┌────────

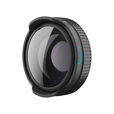 GoPro - Macro Lens Mod GoPro - Macro Lens Mod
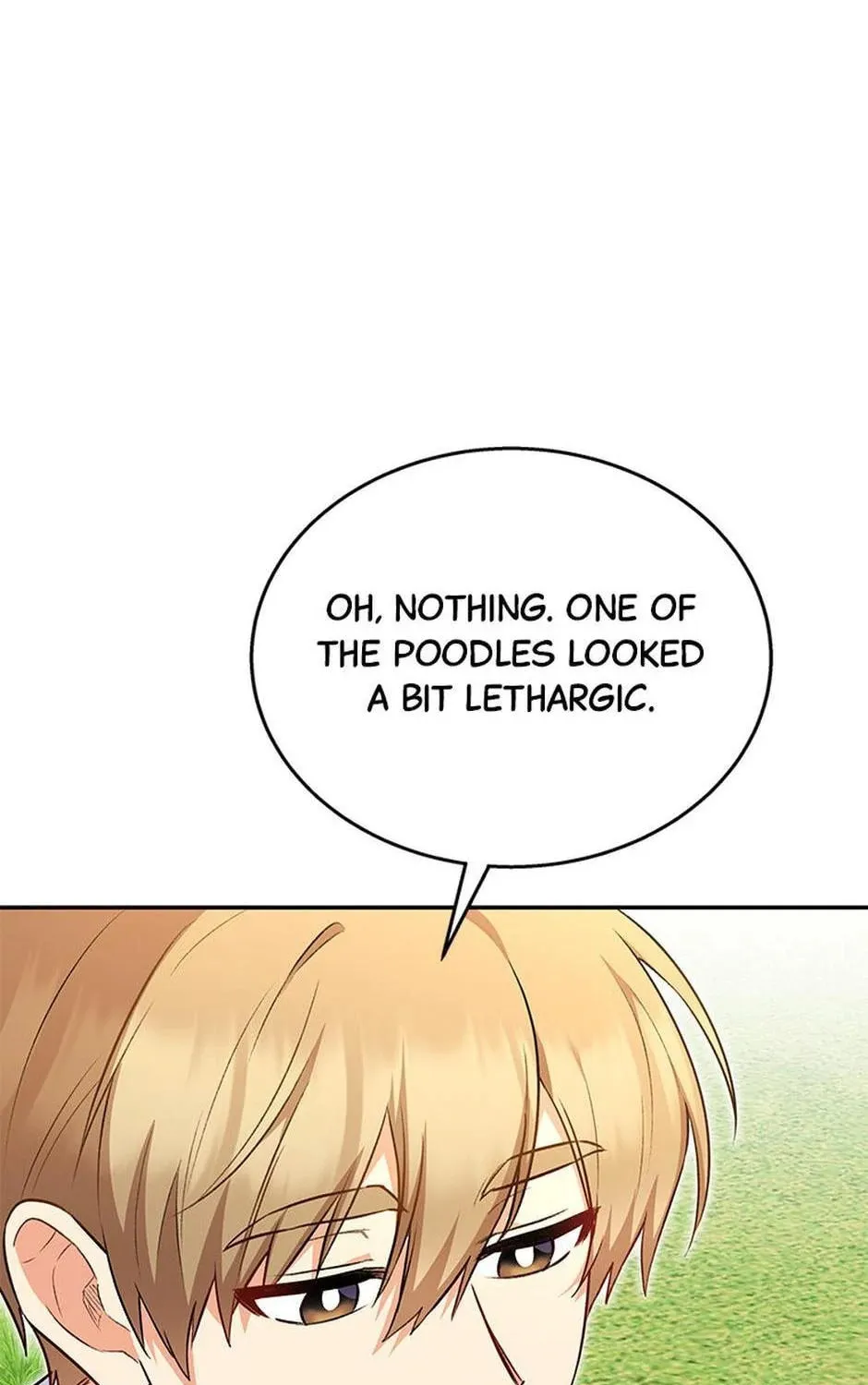 Veterinarian! Hello? Chapter 31 page 87 - 
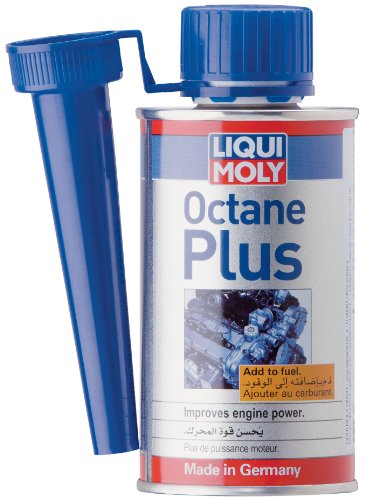 Liqui Moly 20134 Octane Plus 150 milliter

└────────

§ Activity:
Transcribe the full listing above exactly as it stands, minus the pictures.

§ The completed task:
 GoPro - Macro Lens Mod GoPro - Macro Lens Mod
 Veterinarian! Hello? Chapter 31 page 87 - 
 Liqui Moly 20134 Octane Plus 150 milliter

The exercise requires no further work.